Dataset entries
..............................
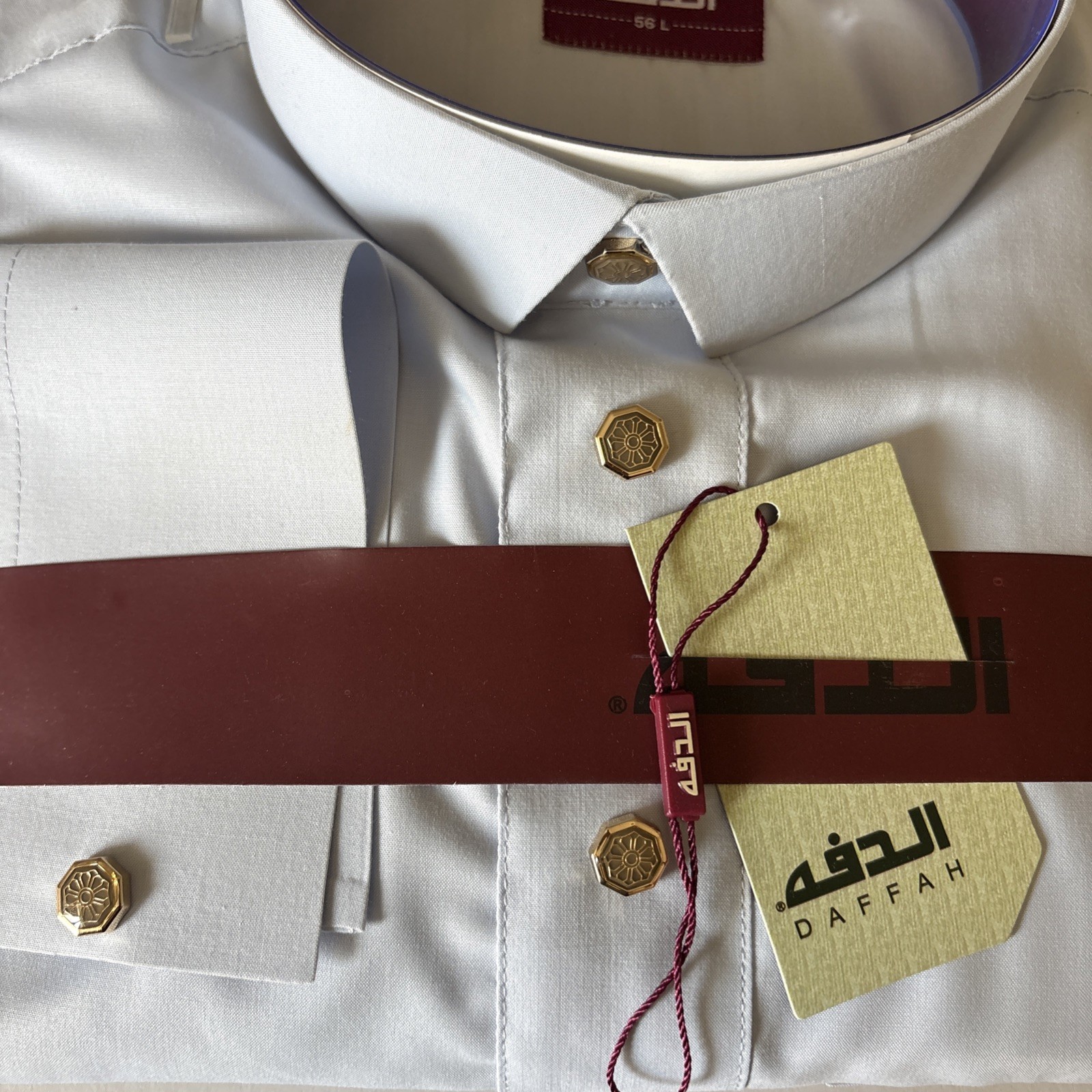 MEN Size 56L DAFFAH High Quality ALL SEASON Thobe CUFF SLEEVE SHIRT COLAR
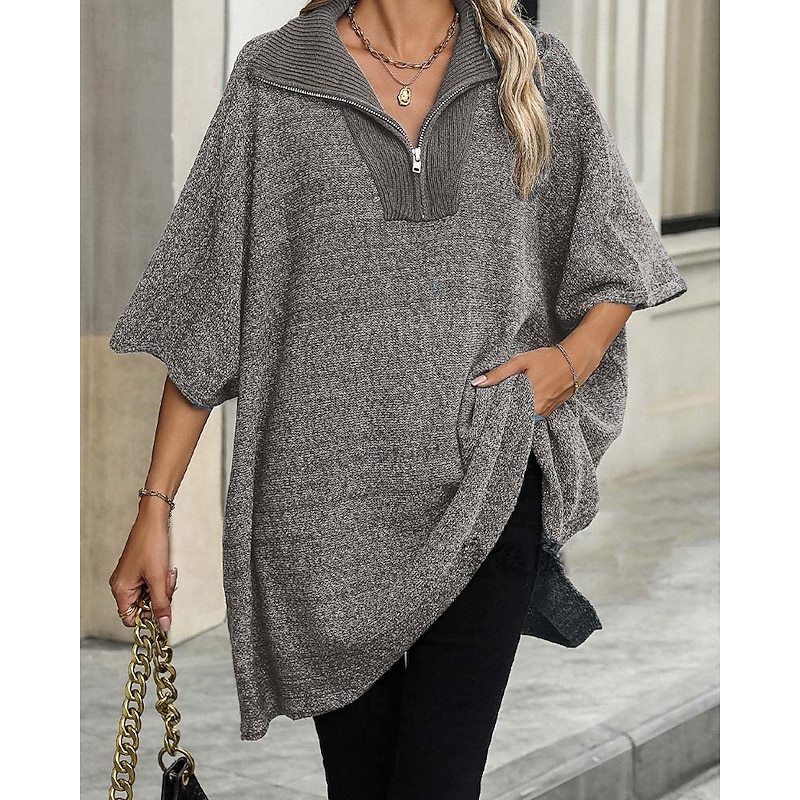 Women's Sweater Deep V Knit Quarter Zip Fall Winter Daily Casual Half Sleeve Solid Color Black White2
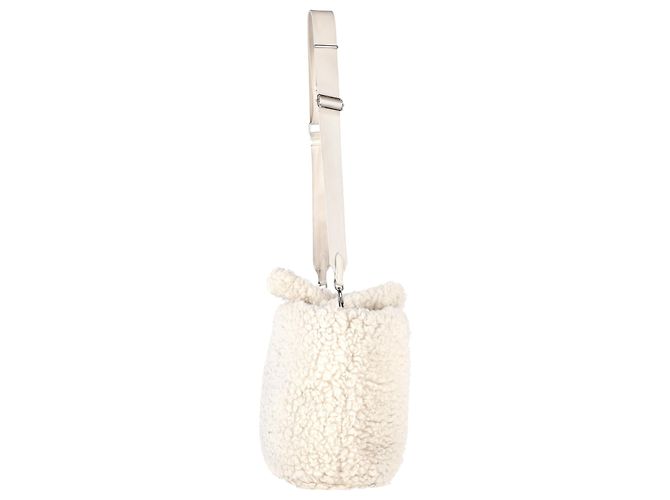 Borsa a mano in cashmere bianco con placca logo Prada Crudo - vista 2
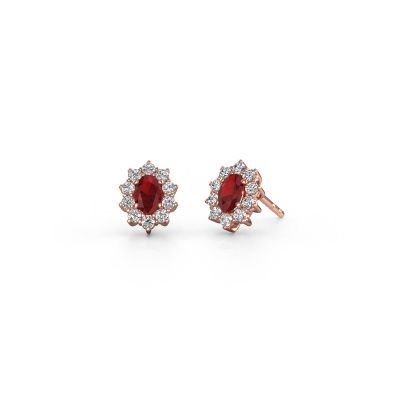 Boucles d'oreilles Leesa 585 or rose rubis 6x4 mm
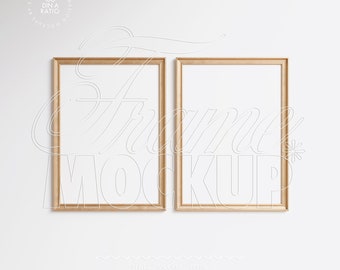 two frame mockup gold wood DIN A4 vertical, passe-partout mockup frame duo vintage, small art frame mockup digital 5:7 poster slip mount mat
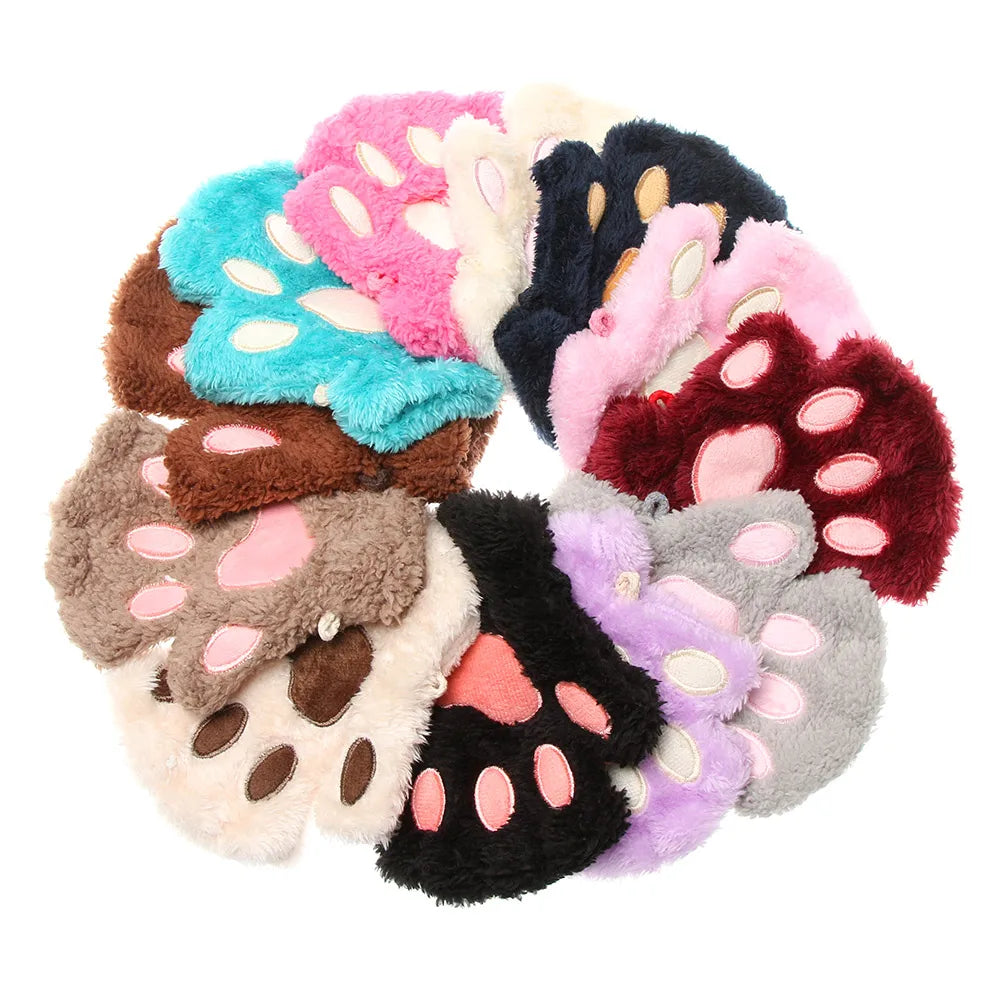 1Pair Winter Fluffy Cat Paw Children Gloves Cute Fingerless Warm Plush Mittens Fashion Warm Lovely Gloves for Girls 9 Colors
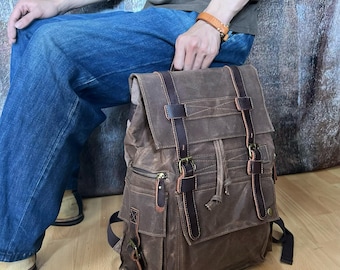 Handmade Durable Waxed Canvas Waterproof Backpack, Unisex Outdoor Travel Bag, Laptop Bag for Men, Hiking Backpack, Gift for Him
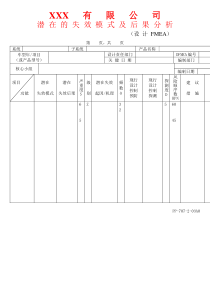 APQP潜在的失效模式及后果分析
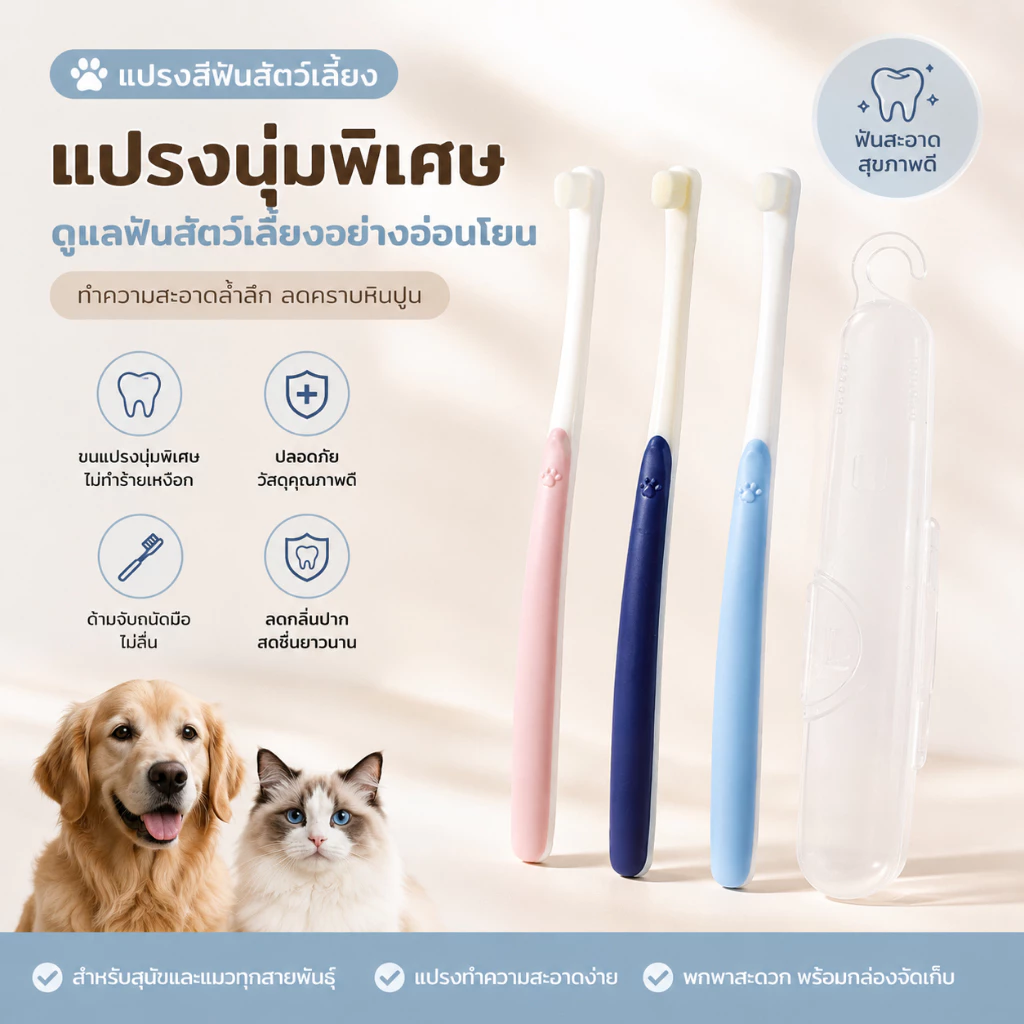 แปรงฟัน แปรงสีฟัน สำหรับสัตว์เลี้ยง แปรงสีฟันแมว ขนแปรงนิ่ม ขจัดคราบหินปูน ไม่บาดเหงือก การดูแลเหงือกและฟันอย่างอ่อนโยน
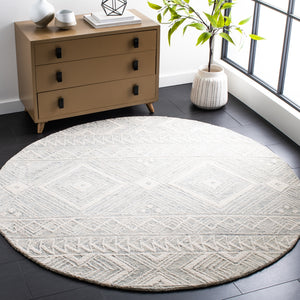 Safavieh Metro 908 Hand Tufted 100% Wool Pile Rug Light Grey / Ivory 100% Wool Pile MET908F-6R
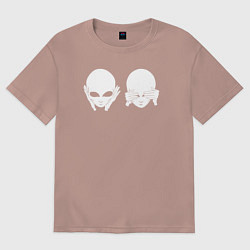 Футболка оверсайз женская Белый пришелец, цвет: пыльно-розовый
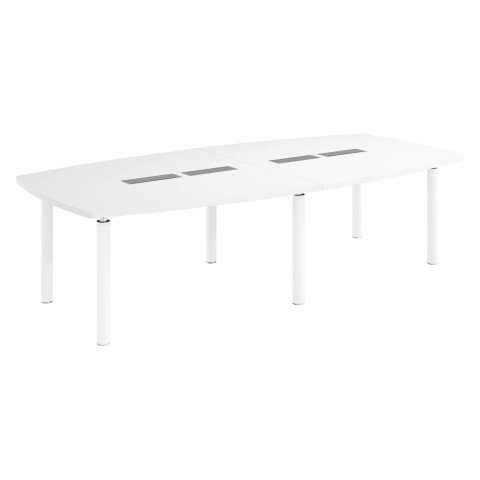 Mesa de reunión modulable Belem color blanco 280 cm patas blancas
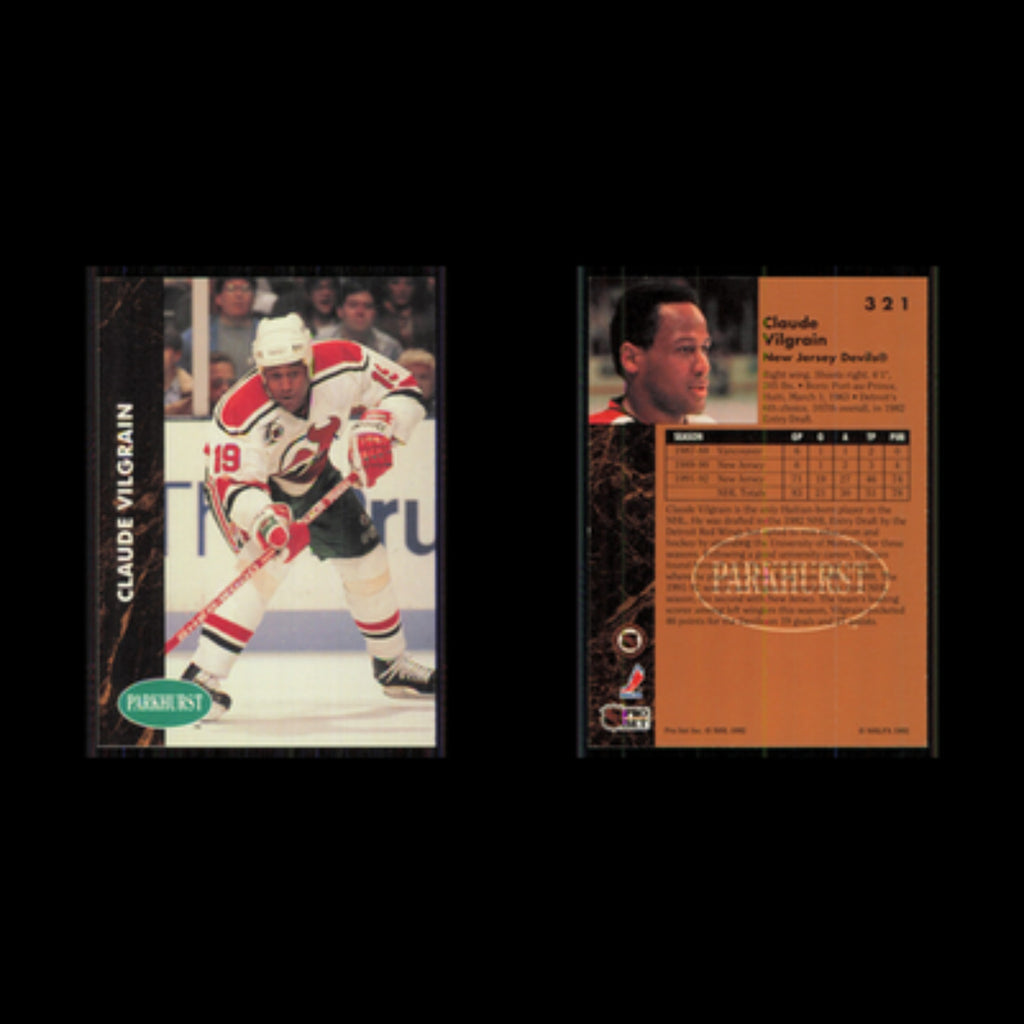 Claude Vilgrain #321 1991 Parkhurst New Jersey Devils Hockey Card NHL NM
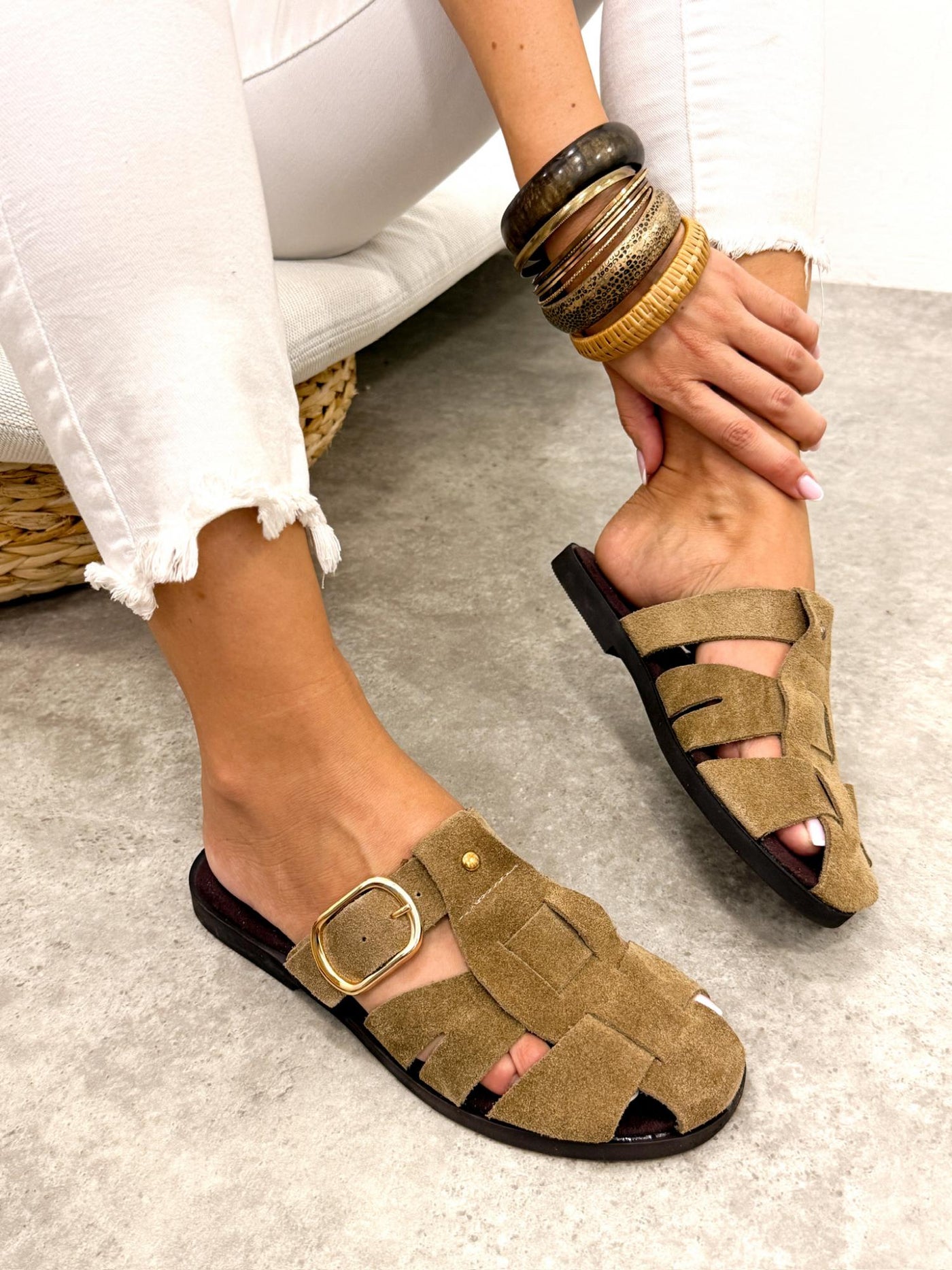 Lederhausschuhe G366 - BEIGE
..............................
Please transcribe each entry exactly, but skip any picture it holds.

 MEN Size 56L DAFFAH High Quality ALL SEASON Thobe CUFF SLEEVE SHIRT COLAR
 Women's Sweater Deep V Knit Quarter Zip Fall Winter Daily Casual Half Sleeve Solid Color Black White2
 Borsa a mano in cashmere bianco con placca logo Prada Crudo - vista 2
 Boucles d'oreilles Leesa 585 or rose rubis 6x4 mm
 two frame mockup gold wood DIN A4 vertical, passe-partout mockup frame duo vintage, small art frame mockup digital 5:7 poster slip mount mat
 1Pair Winter Fluffy Cat Paw Children Gloves Cute Fingerless Warm Plush Mittens Fashion Warm Lovely Gloves for Girls 9 Colors
 Handmade Durable Waxed Canvas Waterproof Backpack, Unisex Outdoor Travel Bag, Laptop Bag for Men, Hiking Backpack, Gift for Him
 APQP潜在的失效模式及后果分析
 แปรงฟัน แปรงสีฟัน สำหรับสัตว์เลี้ยง แปรงสีฟันแมว ขนแปรงนิ่ม ขจัดคราบหินปูน ไม่บาดเหงือก การดูแลเหงือกและฟันอย่างอ่อนโยน
 Safavieh Metro 908 Hand Tufted 100% Wool Pile Rug Light Grey / Ivory 100% Wool Pile MET908F-6R
 Футболка оверсайз женская Белый пришелец, цвет: пыльно-розовый
 Mesa de reunión modulable Belem color blanco 280 cm patas blancas
 Claude Vilgrain #321 1991 Parkhurst New Jersey Devils Hockey Card NHL NM
 Lederhausschuhe G366 - BEIGE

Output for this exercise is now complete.